Companies limited by shares can incentivise excessive amounts of competition due to the perpetual need for workers to create their own organisations to be fairly rewarded for their contributions.

Critique

Companies limited by shares can incentivise excessive amounts of competition due to the perpetual need for workers to create their own organisations to be fairly rewarded for their contributions.

Excessive competition

Companies limited by shares create a two class ownership structure that often disconnects contribution with ownership. This structure can incentivise the exploitation of labour as owners can financially benefit from minimising the amount of income that workers receive. It can be common that workers do not receive a proportional reward based on the value and impact they generate with their contributions. Workers that want to be fairly rewarded can solve this problem by creating their own organisation. This incentive to exploit labour leads to a perpetual incentive for workers to create new organisations just to try and receive compensation that reflects their full value. Instead of fixing the incentives within existing organisations, companies limited by shares can encourage excessive competition through the incentive to continuously try and exploit labour.

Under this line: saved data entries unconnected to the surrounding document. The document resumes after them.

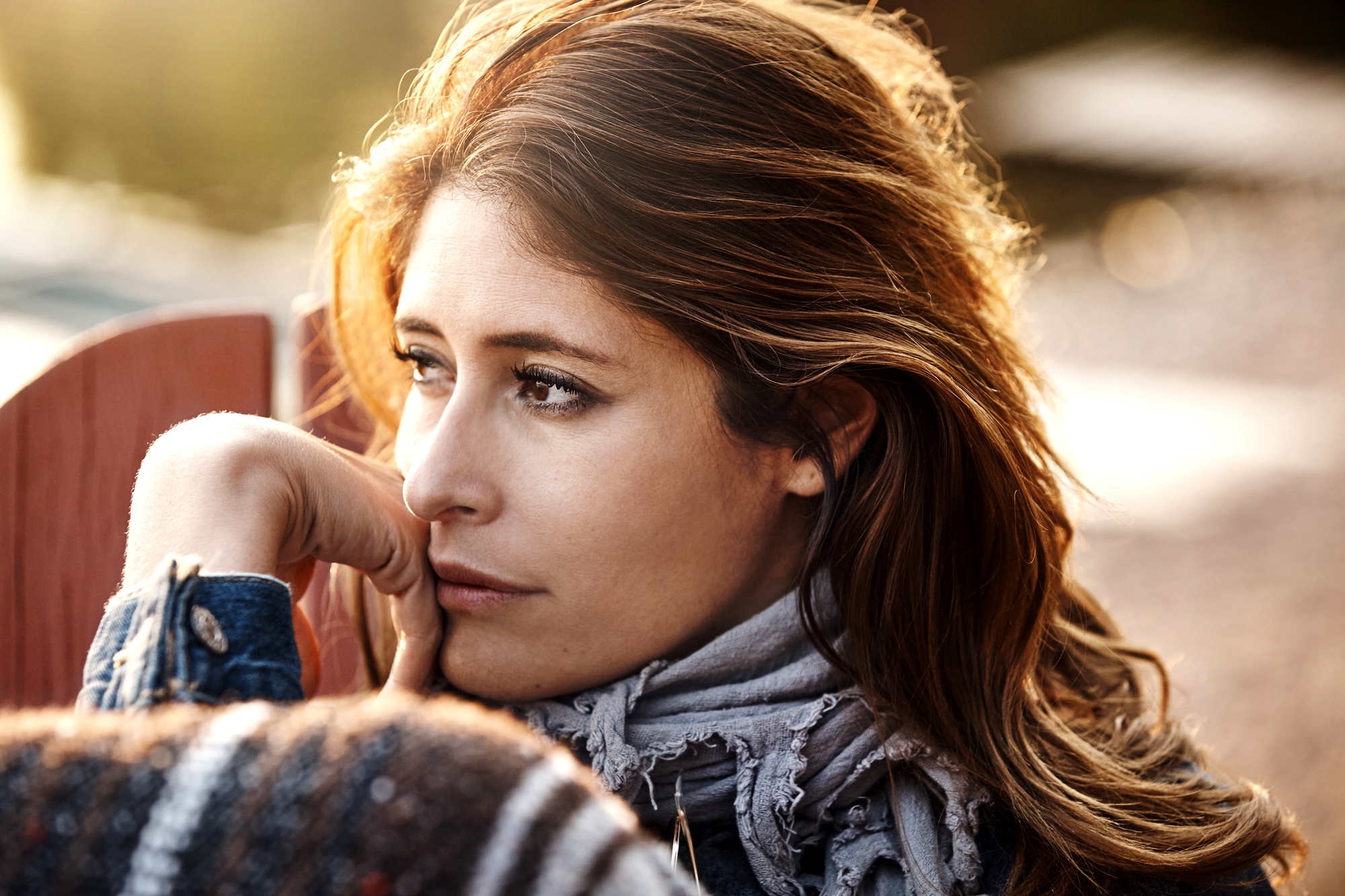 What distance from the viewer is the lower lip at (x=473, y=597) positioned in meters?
1.35

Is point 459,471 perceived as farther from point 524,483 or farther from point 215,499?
point 215,499

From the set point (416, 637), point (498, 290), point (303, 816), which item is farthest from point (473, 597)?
point (303, 816)

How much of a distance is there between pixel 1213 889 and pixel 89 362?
6.46 ft

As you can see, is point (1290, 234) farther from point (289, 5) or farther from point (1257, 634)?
point (289, 5)

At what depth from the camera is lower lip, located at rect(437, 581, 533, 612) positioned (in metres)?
1.35

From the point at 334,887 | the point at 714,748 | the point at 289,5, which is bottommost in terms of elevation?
the point at 714,748

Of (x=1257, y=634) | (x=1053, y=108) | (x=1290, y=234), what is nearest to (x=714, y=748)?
(x=1257, y=634)

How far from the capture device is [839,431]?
1.48 metres

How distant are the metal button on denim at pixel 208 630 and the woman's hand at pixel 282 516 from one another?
73mm

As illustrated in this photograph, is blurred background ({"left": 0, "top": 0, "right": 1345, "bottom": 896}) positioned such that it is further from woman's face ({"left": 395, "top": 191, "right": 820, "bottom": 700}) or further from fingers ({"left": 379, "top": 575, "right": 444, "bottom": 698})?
fingers ({"left": 379, "top": 575, "right": 444, "bottom": 698})

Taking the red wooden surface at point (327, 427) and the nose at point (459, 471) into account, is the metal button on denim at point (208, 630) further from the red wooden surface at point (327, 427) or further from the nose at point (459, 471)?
the red wooden surface at point (327, 427)

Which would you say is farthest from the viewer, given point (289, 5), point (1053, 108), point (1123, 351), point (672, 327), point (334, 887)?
point (1053, 108)

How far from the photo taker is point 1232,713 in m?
3.94

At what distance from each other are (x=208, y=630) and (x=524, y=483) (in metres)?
0.45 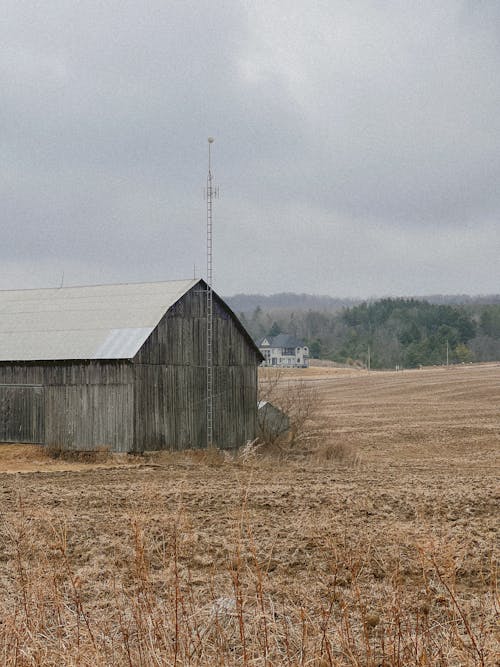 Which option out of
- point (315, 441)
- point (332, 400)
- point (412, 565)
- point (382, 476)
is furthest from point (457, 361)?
point (412, 565)

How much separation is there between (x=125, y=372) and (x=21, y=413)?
4617 millimetres

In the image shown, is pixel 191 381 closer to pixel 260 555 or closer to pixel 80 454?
pixel 80 454

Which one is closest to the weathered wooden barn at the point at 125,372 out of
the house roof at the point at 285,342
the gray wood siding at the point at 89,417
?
the gray wood siding at the point at 89,417

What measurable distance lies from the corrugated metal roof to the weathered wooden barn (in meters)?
0.05

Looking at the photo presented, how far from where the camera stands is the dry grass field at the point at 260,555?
19.8 ft

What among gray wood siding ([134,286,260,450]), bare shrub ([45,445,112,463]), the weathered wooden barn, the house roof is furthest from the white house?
bare shrub ([45,445,112,463])

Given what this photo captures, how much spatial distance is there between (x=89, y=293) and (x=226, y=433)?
7.80m

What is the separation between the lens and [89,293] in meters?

Wasted labour and resources

Organisations that do not fairly reward peoples contributions can lead to situations where it makes sense for workers to try and start their own organisation. Creating a new organisation can be highly wasteful when compared to the alternative of operating organisations in a manner that rewards all forms of contribution more proportionally based on the value that was provided. Due to the incentives within companies limited by shares, new organisations may need to replicate many of the things that are required to operate the organisation to compete. This could mean new buildings, machinery or tools might be needed. This can be difficult to justify if the demand is not greater than what is being fulfilled by the existing organisation. This creates a risk that these resources are wasted unless this new organisation is able to outcompete the existing organisation. If they do outcompete the existing organisation then there is a subsequent risk that the resources of the existing organisation are then sat idle and wasted. All of the labour involved in setting up and competing with the other organisation could have been used to improve the existing organisation with better aligned incentives internally. The less wasteful and more pragmatic solution would have been to ensure that all contributions are rewarded fairly within the existing organisation. This would then give everyone the incentive to make the existing organisation the best it can possibly be. This is a more desirable outcome than incentivising workers to create new organisations just to correct any issues around unfair compensation, stagnation or failings from the existing organisations.